I was also waiting to go into a meeting, in the not-as-enlightened state of Michigan. A meeting made up of community activists, members of the clergy and your friendly neighborhood lesbian.
We were supposed to be talking about how we, as a community, could work closer together – but news of the Iowa decision sent the agenda flying out the window. Unlike similar encounters in the past where same-sex marriage center had taken center stage, the tone of this meeting was different – civil, questioning. More than just tolerant, it was enlightening.
I was not totally surprised having spent a lot of time lately talking with diverse groups, mostly straight, about LGBT equality in the most unusual places.
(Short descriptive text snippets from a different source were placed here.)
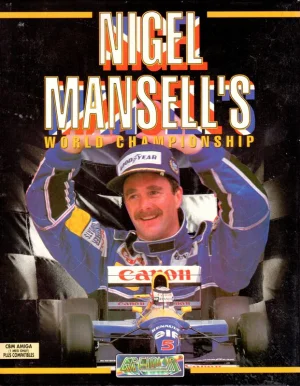 
					
												Nigel Mansell's World Championship Racing
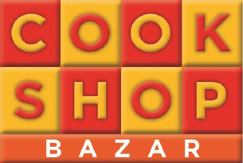 Logo Cook Shop Bazar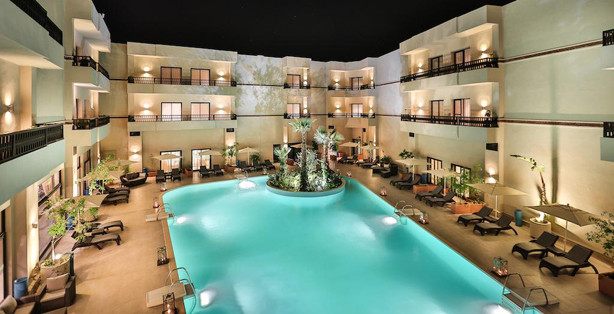 Kech Boutique Hotel & Spa 1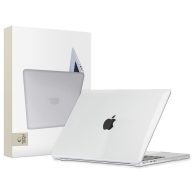   Tech-Protect Smartshell Apple Macbook Pro 14 M1-M5 / M5 PRO / M5 Pro Max 2021-2026 tok, Clear, átlátszó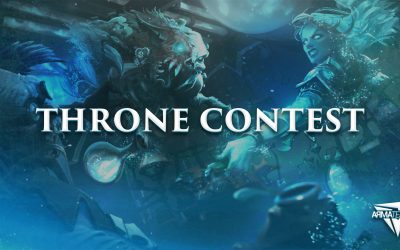 Découvrez les decks du Throne Contest !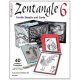 Zentangle 6 - Design Originals - by Suzanne Mc Neill CZT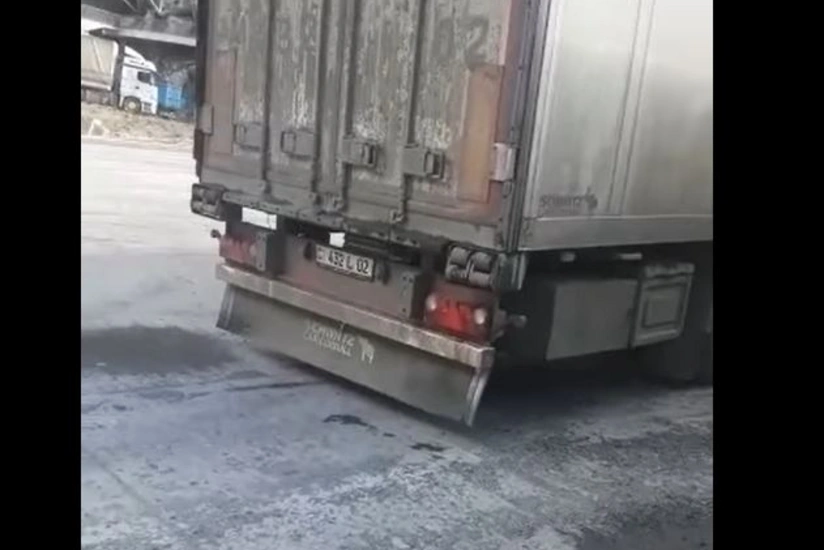 Georgia stops trucks with military cargo from Russia disguised as humanitarian aid from entering Armenia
It began with a visit to the State Capitol to speak with members of the 4-H Club. I know a lot about many things but new precious little about the 4-H. I had the vague notion that it had something to do with farming and wondered why this group would want to talk with representatives of the LGBT community. OK, even I have heard the obscene remarks lumping pedophilia, bestiality and homosexuality together as part of the scare tactics used to confuse issues around LGBT rights, but I had yet to meet any gay person who knew that much about animal husbandry let alone practiced bestiality.
Not wanting to be caught off guard, I did a little research and found that 4-H is a community of six million young people across America learning leadership, citizenship and life skills focused on three areas: One is science, engineering and technology; another is healthy living; and the third is citizenship.
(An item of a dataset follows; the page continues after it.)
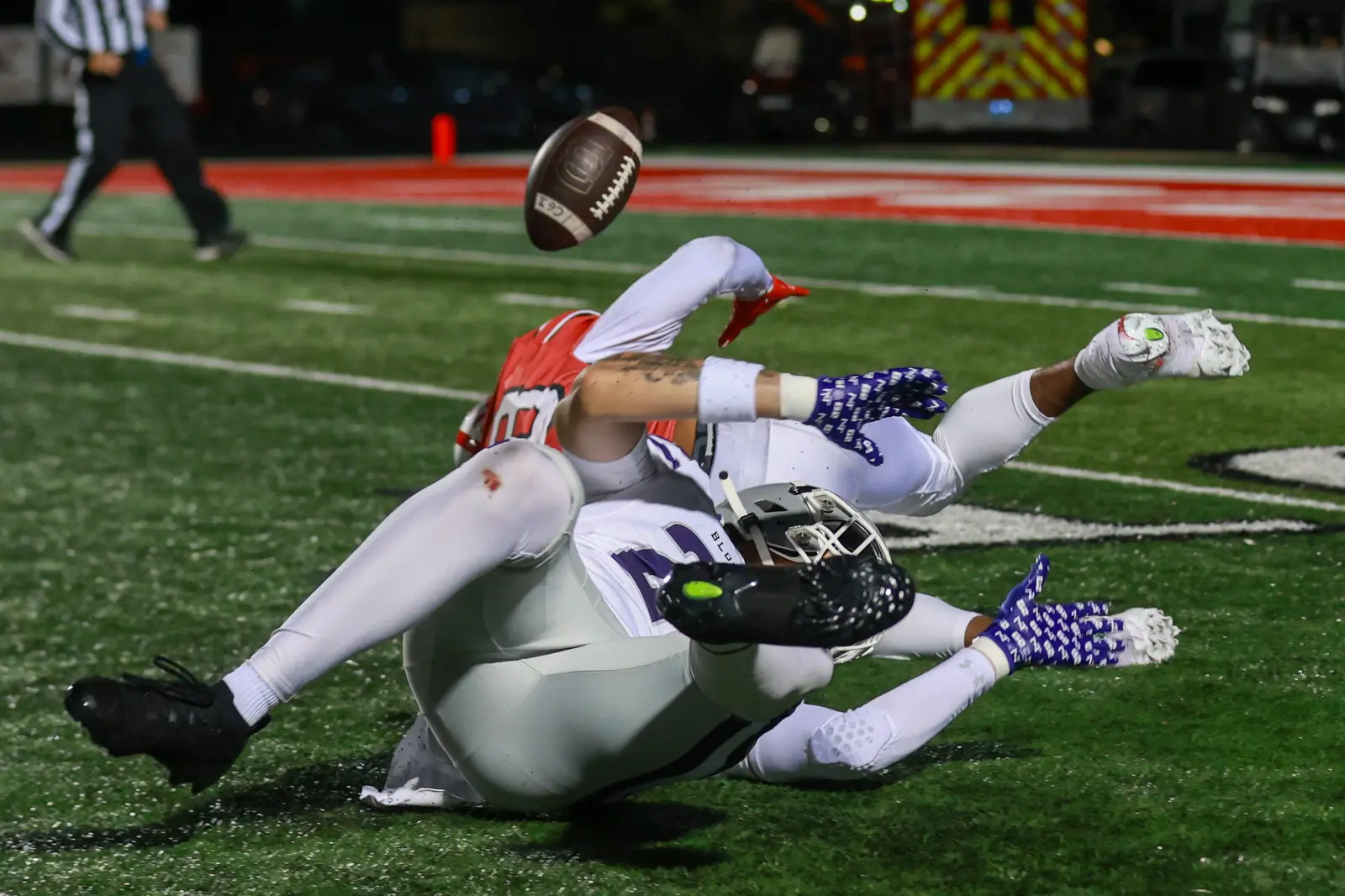 Bloomington South a căzut în ultimul trimestru la Center Grove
But I wasn’t totally off base with the farming. The 4-H began around the start of the 20th century in the work of several people in different parts of the United States who were concerned about young people. Researchers at experiment stations of the land-grant college system and USDA saw that adults in the farming community did not readily accept new agricultural discoveries. But educators found that youth would “experiment” with these new ideas and then share their experiences and successes with the adults, so rural youth programs became a way to introduce new agriculture technology to the adults.
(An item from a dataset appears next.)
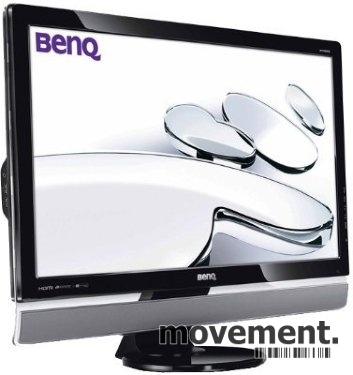 Solgt!Benq 27toms flatskjerm til PC,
Well, the group of around 20 students didn’t have questions about animals or technology. They wanted to talk about marriage – gay marriage.
There were the usual “getting to know the gay” questions.
Q: “Were you recruited?”
A: “No and I’m not recruiting.”
Q: “You have a son, how did you do that?”
A: “You kids are from the 4-H, Farms, animals – didn’t you get that in school?”
Q: “I see you have on a ring, are you married?
A: “No, I am denied that right here in Michigan.”
Ice broken, the rest of our time was spent talking about marriage equality. The good news was they got it. Totally got it. Life on the farm will never be the same.
Next there was the “Young Women, Strong Leaders” conference at Wayne State University. Although I would like to believe I am still one of the young women, on this day I participated as a strong leader, a mentor. There were no LGBT issues on the agenda but it provided another perhaps more crucial way we can advance LGBT rights – by being out as leaders in our community at-large.
Whether as an entrepreneur, an athlete, a teacher, being a mentor, working collaboratively for the betterment of the community at-large or just being a good neighbor, being out as a proud LGBT person living, working and loving in the same community of not just our allies but those who have fallen victim to the scare tactics of bigotry is one of the strongest tools we have to pave the road to true equality.
So by Friday, I was ready to talk collaboration, cooperation and community. And it all was going well. We discussed calmly the separation of church and state, the differences between civil marriage and the religious marriage ceremony – even how many people had been fooled by the language of Prop. 2 and acknowledged the unexpected consequences for many LGBT families with the attacks on domestic partnership.
It was a lively discussion with everyone participating but one. His silence spoke volumes.
The last straw was when I expressed hope that one day we would repeal the discriminatory amendment that denied marriage equality in Michigan. “So you want to change the law now. You need to be living by the law of god. That’s what’s wrong with this country – living by the law of man not the law of god,” he said. He then began spouting scripture supporting his belief that any recognition of same-sex unions was sin, as was homosexuality. “That’s what it says in my bible,” he said. He ended by holding his bible up in the air as if to chastise the rest for having such sinful thoughts and eyeing me as if to caste the devil out.
We won in Iowa, but the fight is far from over. Critics of the Supreme Court’s decision – including conservative religious leaders – call the decision an “unwarranted social engineering” and an attack on “the good that marriage offers to society.”
At meetings, in churches, around kitchen tables and in the media around the country, those claiming a moral authority are standing, bible in hand, proclaiming hell fire and eternal damnation if LGBT Americans enjoy the same equal rights as other Americans. They’re quoting scripture to incite bigots and hate mongers while using guilt and fear to intimidate the weak.
The fight is not over but time is on our side. The tide is turning. One day equality will trump bigotry in all the land.